Bien que le taux de survie à cinq ans des starters soit trop peu élevé.

Se lancer en tant qu’indépendant, créer son propre métier, être son propre patron, autant de raisons qui poussent de plus en plus de personnes à monter leur entreprise. Et elles ont raison puisque le secteur se porte bien en Région bruxelloise. En 2016, 12.760 entreprises ont été créées. "Ce qui est important, c’est le solde net. C’est-à-dire, les créations d’entreprises, desquelles on doit enlever les cessations et le solde migratoire. Cela représente un solde net de 3.961 entreprises", explique le cabinet du ministre de l’Emploi, Didier Gosuin (Défi).

"Il faut savoir que beaucoup d’indépendants se lancent, il y en a certains qui ferment et il y en a d’autres qui ouvrent parfois un peu leur établissement à l’aveugle", indique le cabinet. Parmi les différents secteurs d’activités, trois représentent à eux seuls 57 % des créations d’entreprises.
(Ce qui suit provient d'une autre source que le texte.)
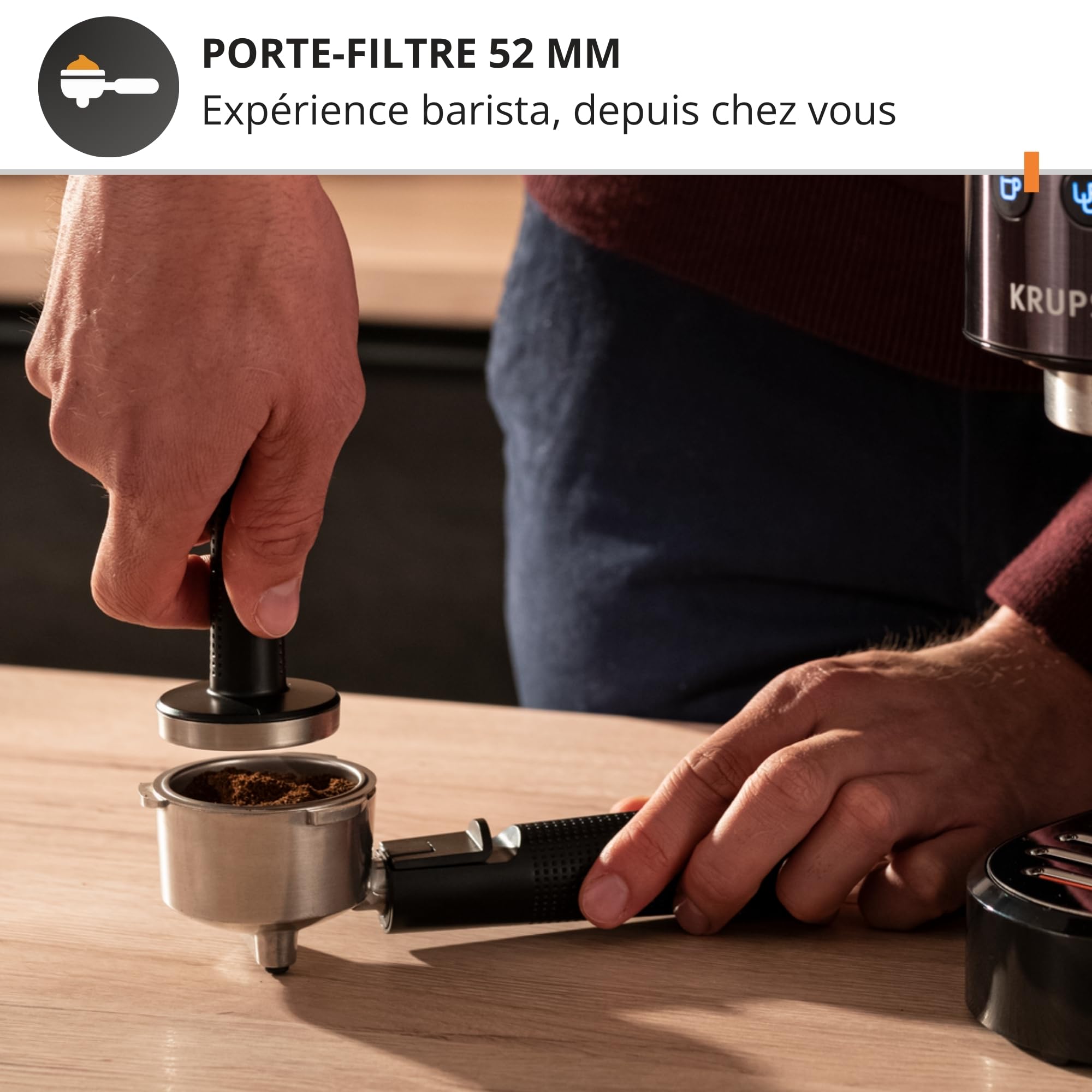 Krups Virtuoso+, Espresso Machine, Pump Coffee Machine, Espresso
Il s’agit des activités spécialisées, scientifiques et techniques (24,5 %), la construction (17,3 %) et le commerce et les réparations de véhicules automobiles et de motocycles (15,1 %). Le nombre de créations d’entreprises a augmenté d’environ 6,7 % en 2016, malgré les événements tragiques que la Belgique a connus.
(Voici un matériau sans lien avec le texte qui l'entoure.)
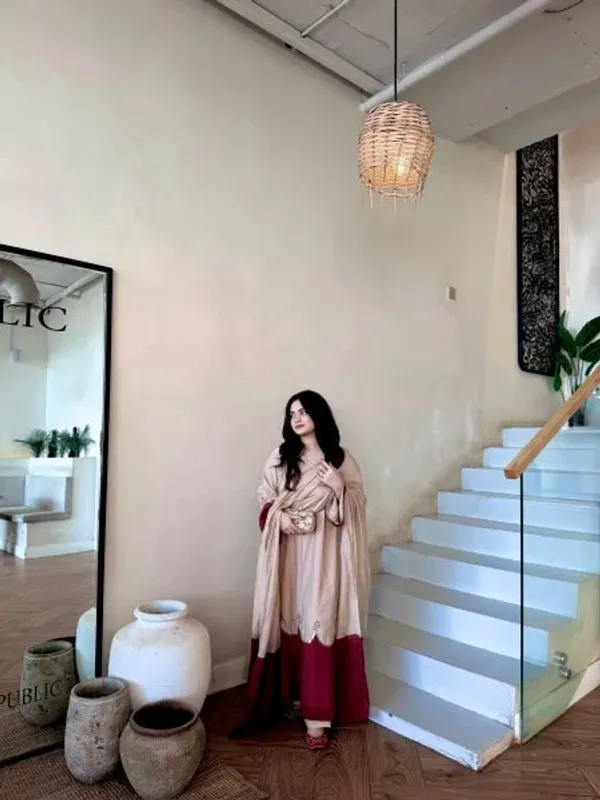 Polished_Cream_Designer_Satin_Rayon_Kaftan_Bottom_Dupatta_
La santé économique et financière des PME bruxelloises s’est donc améliorée ces dix dernières années. Ainsi, alors que 30 % de ces entreprises avaient un risque élevé de dépôt de bilan en 2005, ce taux s’élevait à 22 % en 2015. "Cette nouvelle est positive mais il reste à déterminer si ceci fait partie d’une tendance qui va se maintenir", indique le ministre.

Cependant, selon le bureau d’informations financières Graydon, le taux de survie à cinq ans des starters bruxellois (donc qui se sont lancés en 2012) est de 67,1 %. Trop peu, d’après le ministre. Les résultats sont encore pires suivant les secteurs : seulement 55 % dans la restauration et 57 % dans les Tic (technologies de l’information et de la communication). Des chiffres qui sont à contraster : "On constate qu’après 4 à 5 ans, près de 7 starters sur 10 sont toujours actifs en Région bruxelloise", indique le cabinet.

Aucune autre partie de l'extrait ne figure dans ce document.